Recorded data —
+ + +
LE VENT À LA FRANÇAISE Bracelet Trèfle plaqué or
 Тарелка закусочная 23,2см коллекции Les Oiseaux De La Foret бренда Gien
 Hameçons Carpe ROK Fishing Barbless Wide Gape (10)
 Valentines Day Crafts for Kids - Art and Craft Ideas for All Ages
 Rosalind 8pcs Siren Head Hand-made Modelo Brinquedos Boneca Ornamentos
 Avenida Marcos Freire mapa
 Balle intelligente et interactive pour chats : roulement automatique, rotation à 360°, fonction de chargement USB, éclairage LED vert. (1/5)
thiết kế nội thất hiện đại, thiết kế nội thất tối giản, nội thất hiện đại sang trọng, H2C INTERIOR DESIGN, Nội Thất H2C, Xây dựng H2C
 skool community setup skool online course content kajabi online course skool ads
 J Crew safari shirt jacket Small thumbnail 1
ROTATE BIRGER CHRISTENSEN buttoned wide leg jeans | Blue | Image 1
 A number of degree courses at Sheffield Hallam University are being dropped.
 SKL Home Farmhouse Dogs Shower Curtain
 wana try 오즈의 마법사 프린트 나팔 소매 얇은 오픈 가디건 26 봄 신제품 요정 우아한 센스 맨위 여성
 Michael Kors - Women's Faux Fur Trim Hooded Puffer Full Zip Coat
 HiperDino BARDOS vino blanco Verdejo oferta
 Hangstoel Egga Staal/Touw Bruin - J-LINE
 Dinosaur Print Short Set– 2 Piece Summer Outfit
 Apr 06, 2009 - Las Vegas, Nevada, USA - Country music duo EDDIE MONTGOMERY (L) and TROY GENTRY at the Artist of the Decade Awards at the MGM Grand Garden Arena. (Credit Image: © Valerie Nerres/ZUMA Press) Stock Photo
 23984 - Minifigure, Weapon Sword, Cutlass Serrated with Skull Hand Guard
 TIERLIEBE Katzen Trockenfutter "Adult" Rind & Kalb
+ + +
INSTRUCTIONS FOR THE TASK —
The line containing "ROTATE BIRGER CHRISTENSEN" and every line after it, through the end of the records above: output exactly those, and nothing else.

TASK ANSWER —
ROTATE BIRGER CHRISTENSEN buttoned wide leg jeans | Blue | Image 1
 A number of degree courses at Sheffield Hallam University are being dropped.
 SKL Home Farmhouse Dogs Shower Curtain
 wana try 오즈의 마법사 프린트 나팔 소매 얇은 오픈 가디건 26 봄 신제품 요정 우아한 센스 맨위 여성
 Michael Kors - Women's Faux Fur Trim Hooded Puffer Full Zip Coat
 HiperDino BARDOS vino blanco Verdejo oferta
 Hangstoel Egga Staal/Touw Bruin - J-LINE
 Dinosaur Print Short Set– 2 Piece Summer Outfit
 Apr 06, 2009 - Las Vegas, Nevada, USA - Country music duo EDDIE MONTGOMERY (L) and TROY GENTRY at the Artist of the Decade Awards at the MGM Grand Garden Arena. (Credit Image: © Valerie Nerres/ZUMA Press) Stock Photo
 23984 - Minifigure, Weapon Sword, Cutlass Serrated with Skull Hand Guard
 TIERLIEBE Katzen Trockenfutter "Adult" Rind & Kalb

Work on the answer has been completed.